# How To Recite Gurbani: A Viewpoint



## Sikh80 (Dec 31, 2007)

*Mool Mantar* 
Mool-Mantar is the basic, or fundamental formula and reads - 
_Ikk-O-Ankaar Satte-Naamu Kartaa Purukhu Nir-Bhaao Nir-Vaaeru Akaal Moorat-e Ajoonee Saae-bhann Gur-parsaad.e_


----------



## Sikh80 (Dec 31, 2007)

*Shabad - The Holy Hymn* 
The Jaap of a Shabad, Slok, Paurree, or a Tukk - will go after the name of that i.e. ‘the Jaap of Shabad (Hymn),’ the Jaap of Paurree (a type of verse),’ ‘the Jaap of Slok (a sort of poetry),’ or ‘the Jaap of Tukk (a line)’ etc.


----------



## Sikh80 (Dec 31, 2007)

*Amrit-Velaa - Early Morning Hours* 
Ambrosial hours - the divine time. It is the last 3 hours of the night i.e.  very early in the morning - 3 A.M. to 6 A.M.; before the sunrise. Many practitioners, or saints get up at 2 A.M., or even soon after the mid-night. This is soothing and calm time, and most suitable for the Naam-Jaap - recitation of the name of God. Commonly, the people practice Naam at the junction of different times -


----------



## Sikh80 (Dec 31, 2007)

*PRACTICE OF JAAP*

It is right (correct) in any way you recite the name of God, because there is no set or a single method of doing it.
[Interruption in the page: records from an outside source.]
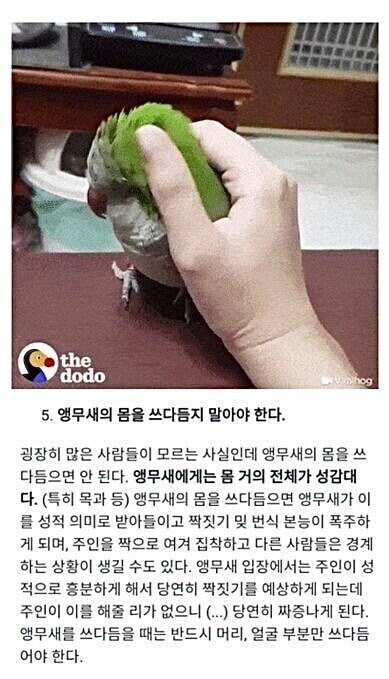 잔뜩 달아오르게 해놓고 본게임은 안하는 사람.jpg_1.jpg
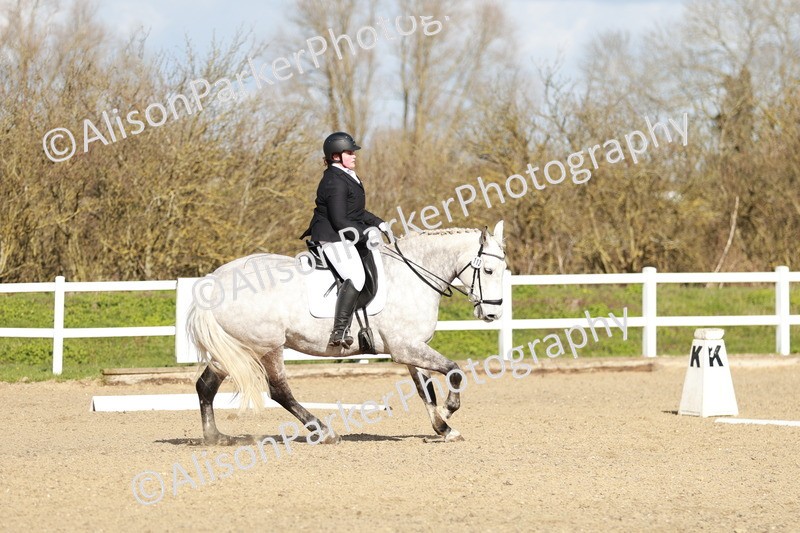 20260314-4495 - DR4 - Prelim 2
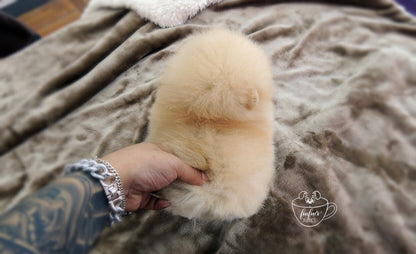 Creme Caramel - Pomeranian F. (1710759968881)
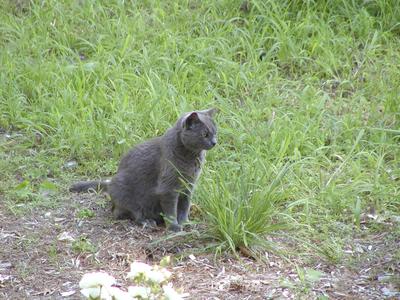 Purrgatory in the garden #2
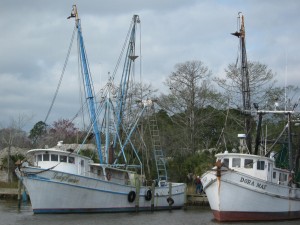 IMG 0297 300x225 Shrimp Boats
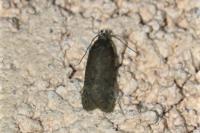 Bryotropha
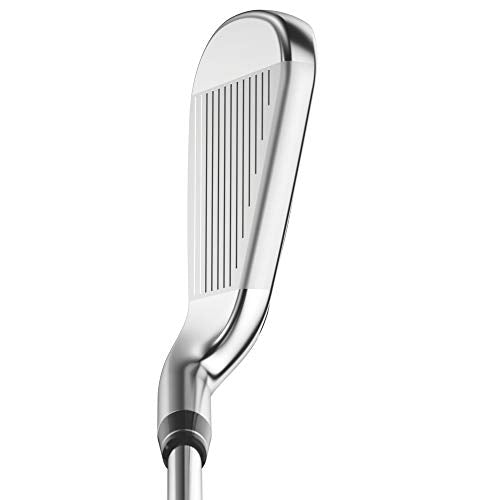 Callaway Big Bertha B21 Iron Set Silver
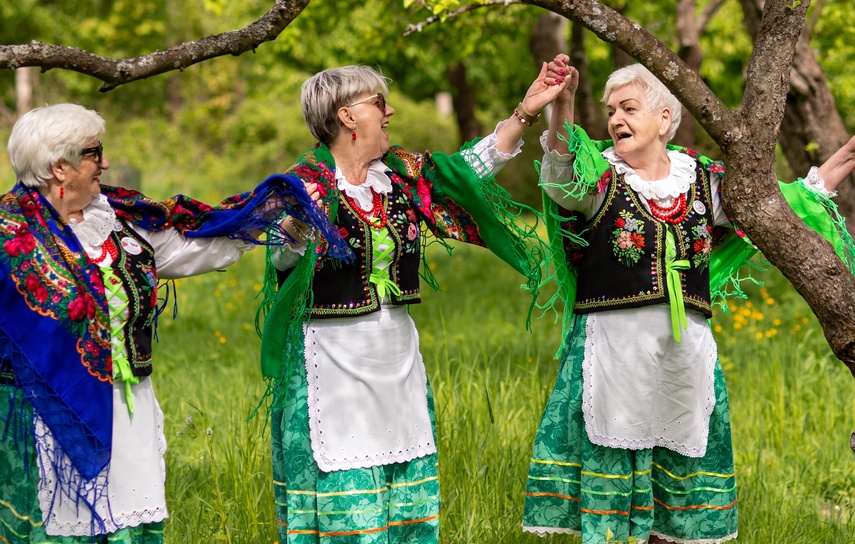 sasanki zdjęcie nr 329635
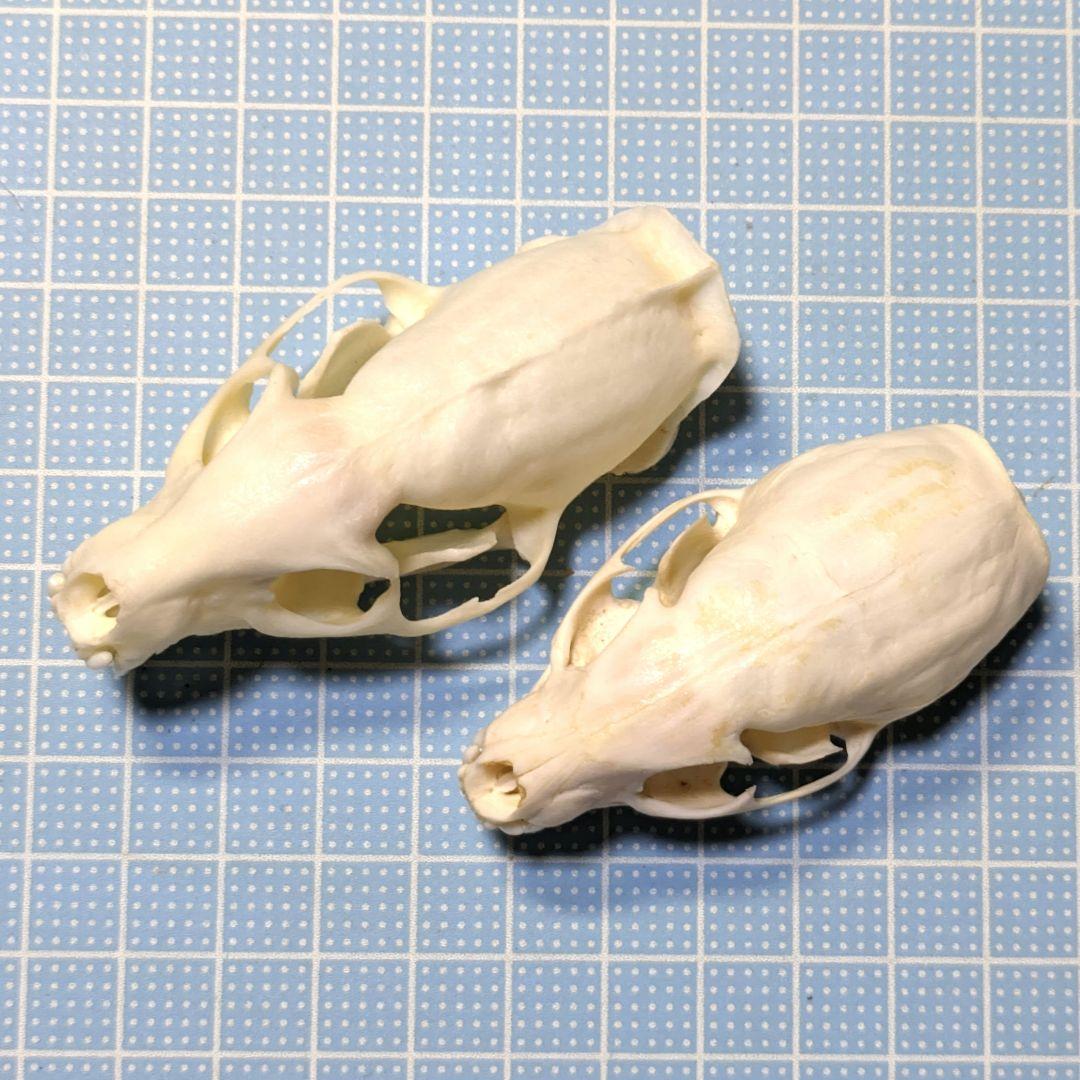 頭骨標本　ジャワマングース　ペア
Although, basics are the same in general, almost every instructor has a personal technique of practicing the Naam-Jaap, or will modify it according to his own experience or some motive, may be selfish - to put his or her own stamp on it. The only thing is to take a start, and the help comes from the Almighty in one or the other way. If there is a problem, consult any practitioner of the Naam.


----------



## Sikh80 (Dec 31, 2007)

*Preliminaries* 
Every technique of the Naam Jaap is nothing but an effort to achieve concentration on recitation of the Naam - ‘Waheguru.’ There are a few preliminaries for practicing the Naam -


----------



## Sikh80 (Dec 31, 2007)

*Practice of the Naam*

Anyone professing another faith may replace the prophet, place of worship, mantra for Jaap, and the symbol to focus on, with the one of his or her own choice. The basic essence of the method of recitation will remain the same for everyone. One may make selections and modifications as per one’s own personal discipline, need and demand of the faith.


----------



## Gyani Jarnail Singh (Jan 1, 2008)

The "JAPP" Bani of Guru nanak ji is the Final Masterpiece...the ESSENCE of His Lifetime experiences...and is the Essence of the Guru Granth Sahib Ji.
The Japp is..WAY OF LIFE..as envsioned by the Guru sahibaans and the Bhagats Bhattas Farids etc that havkle their Bani also in the Guru Granth Sahib Ji.
This Way of LIFE is Kirt Karo, Waand chhako, Naam japo...wrk hard, share the fruits of oens labour and never forget Waheguru the Maker.
Gyani Jarnail Singh


----------



## Tejwant Singh (Jan 1, 2008)

Jaap, Naam, Simran etc etc are many tools which teach us how to put Gurbani into practice,to make Gurbani the connection to the real world, the true life of Miri- Piri. It is for us NOT to become mere parrots enclosed in our self created cocoons, listening to our own echos and  looking at the real world while peeking through the key holes.

It is irrelevant how we recite Gurbani. Once we know how to LIVE Gurbani then the true NAAM JAP will follow.

Tejwant


----------



## Sikh80 (Jan 1, 2008)

Agreed that we should not be devoting excessive time on that you state as simran jap etc. But side by side it has been stated by Giani Maskeen ji that we should utter the word so loudly that it is heard by the ear. It is the way that we practice any kind of recitation of jap.

True, it should also not be mechanical as stated by you that it should not be parrot like repitition.


----------



## Sikh80 (Jan 2, 2008)

Without Simran we have no way out.


----------